[Directions for this task]
All of the data should be given again word for word, though the images are to be left out.

[Data segment]
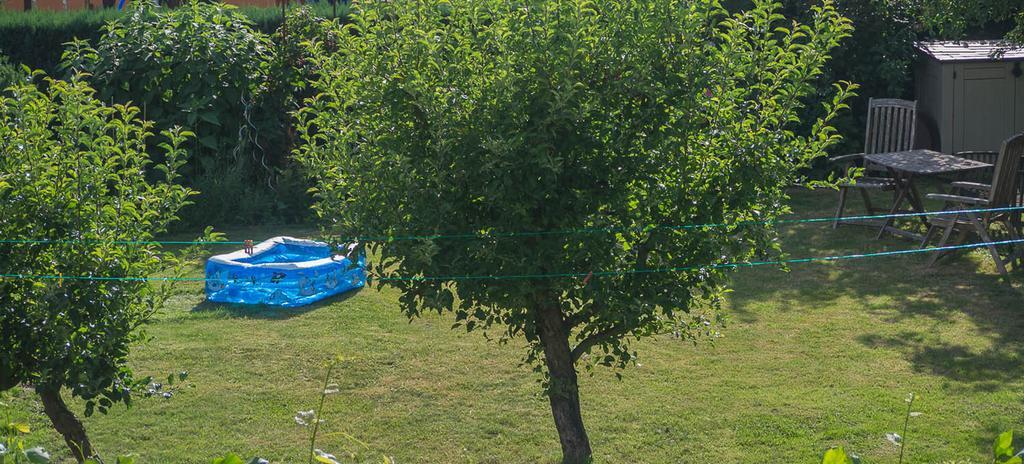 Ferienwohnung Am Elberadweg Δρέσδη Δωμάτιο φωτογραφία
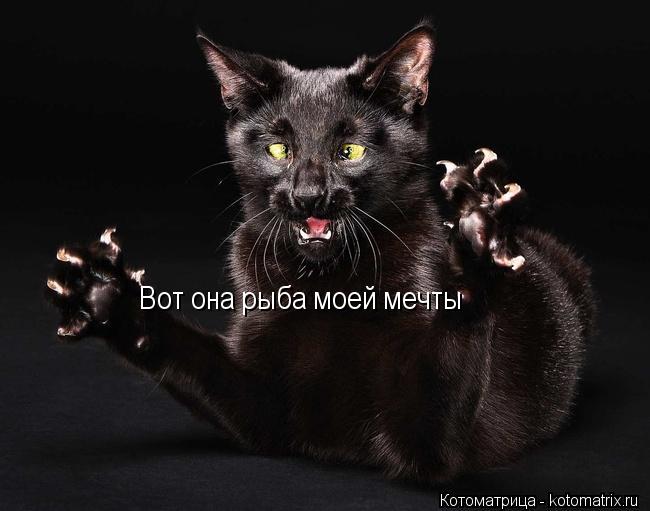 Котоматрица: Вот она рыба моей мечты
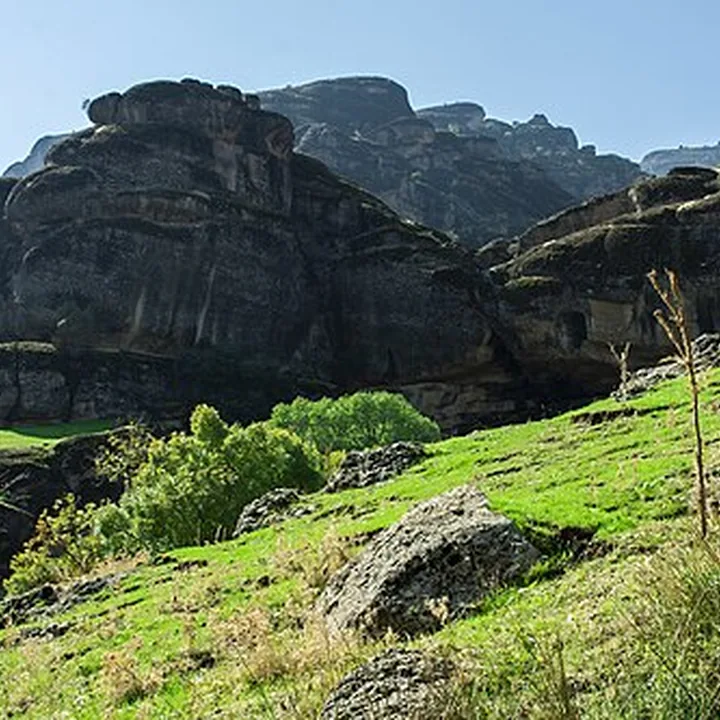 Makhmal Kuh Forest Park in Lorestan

[Response for this exercise]
 Ferienwohnung Am Elberadweg Δρέσδη Δωμάτιο φωτογραφία
 Котоматрица: Вот она рыба моей мечты
 Makhmal Kuh Forest Park in Lorestan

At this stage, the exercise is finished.